With the election just over a month away, and most eyes on the presidential race, it’s easy to lose focus on many of the other statewide races, but those elections can have a big impact on North Carolinians’ lives.
That’s because the offices at stake have a wide range of responsibilities, including the state’s fiscal health, the prosecution of the law, and the efficient administration of state and local governmental bodies and agencies.
In addition to the race for governor, there are nine other statewide races that make up the Council of State.
The November winners will take over the Offices of the Lieutenant Governor, the Secretary of State, the State Treasurer, the State Auditor, and the Attorney General; and the Departments of Agriculture, Labor and Public Instruction,.
Currently the office of lieutenant governor, commissioner of agriculture and commissioner of labor are held by Republicans; Democrats hold the other offices.
Lt. Gov. Dan Forest is running for re-election in 2016 against Democrat Linda Coleman.
In North Carolina, the lieutenant governor officer’s primary responsibility is to preside over the state Senate. It is the only elected position to have powers in both the legislative and executive branches of state government.
The race for attorney general is interesting in that long-time Attorney General Roy Cooper has decided to not run for re-election, but instead is challenging Gov. Pat McCrory.
Secretary of State Elaine Marshall, who has been in office since 1997, is running against Republican challenger Michael LaPaglia.
The Secretary of State is charged with overseeing many of the economic and business-related operations of the state government, such as registrations of professional bodies like corporations or charities.
With Cooper running for governor against McCrory, two state legislators are stepping up to become the next attorney general.
Republican Sen. Buck Newton is running against Sen. Josh Stein, the Democrat.
The attorney general is head of the state Department of Justice and is charged with providing legal representation and advice to all state agencies.
State Treasurer Janet Cowell is not running for re-election in 2016, leaving the seat open for either Democrat Dan Blue III, son of Sen. Dan Blue, and Republican Dale Folwell, who was most recently head of the state’s Division of Employment Security.
The treasurer is charged with overseeing the financial operations of the state, including its $90 billion pension fund and the State Health Plan, while also acting as fiscal adviser to the state and local governments.
State Auditor Beth Wood, a Democrat, is running for re-election against Republican Chuck Stuber, former FBI agent and chief investigator for the State Board of Elections.
The auditor’s office is considered to be a fiscal watchdog charged with overseeing and reviewing the financial accounts of state agencies, including the public universities.
Commissioner of Agriculture Steve Troxler, a Republican, is running for re-election against Democrat Walter Smith, who is going for his second challenge against Troxler this November.
The Commissioner of Agriculture oversees the Department of Agriculture and Consumer Services, as well as serving as the chairman of the state Board of Agriculture.
Wayne Goodwin, the Democratic Commissioner of Insurance, is running for re-election against Republican challenger Mike Causey, for another term.

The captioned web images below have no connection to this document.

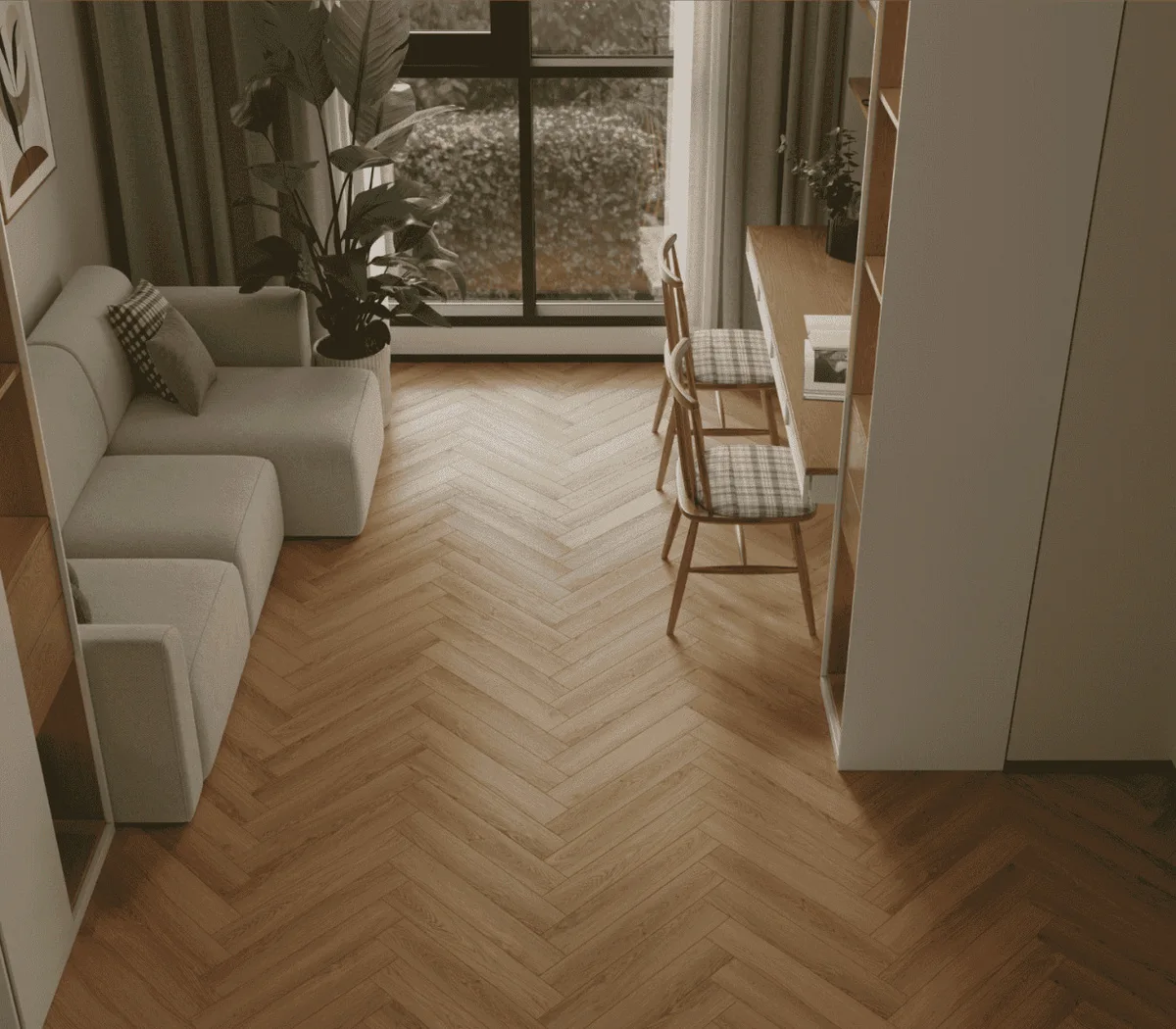 Ламинат Norland Herringbone Elegant Дуб Наксос LF303-36 венгерская елка 600×100×8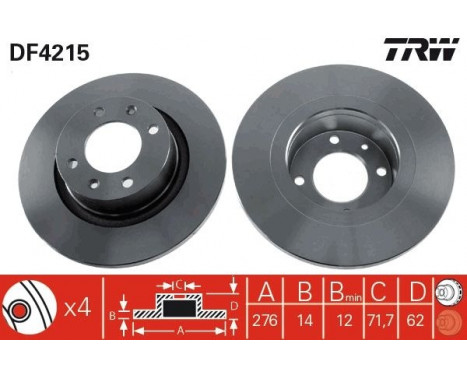 Bromsskiva DF4215 TRW, bild 2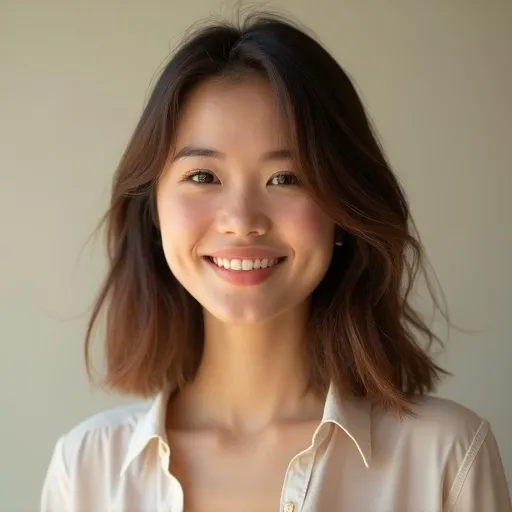 Prompt: (photorealistic) professional headshot, young woman, medium-length brown hair, wearing a light blouse, (warm, approachable smile), exuding confidence, soft neutral color background, well-lit, high detail, (inviting ambiance), warm tone, crisp focus on facial features, showcasing professionalism and warmth.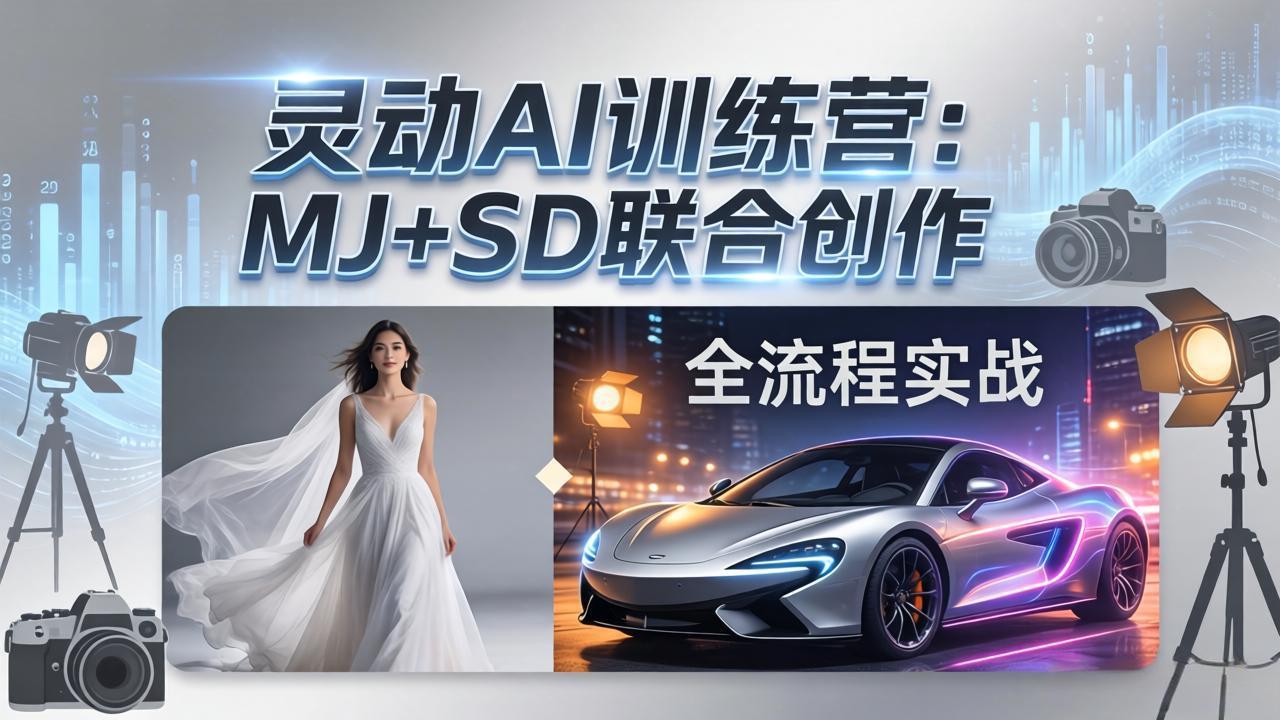 灵动AI训练营-3.0课程：MJ+SD联合创作，从婚纱大片到汽车广告，摄影后期全流程实战-七州人网创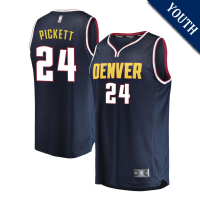 Youth Jalen Pickett # 24 Denver Nuggets Fast Break Replica Navy Icon Edition Jersey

The Commissioner of Insurance is charged with regulating the insurance industry in the state and overseeing insurance professionals in the state.
The incumbent Commissioner of Labor, Cherie Berry, is running against Democrat Charles Meeker for another term as the head of the Department of Labor. It is charged with safeguarding the “health, safety and general well-being” of more than 4 million workers.
Meeker formerly served as the mayor of Raleigh.
State Superintendent of Public Instruction June Atkinson, a Democrat, is running for re-election against Mark Johnson in November.
The superintendent serves as the head of the Department of Public Instruction, overseeing the public school system in the state.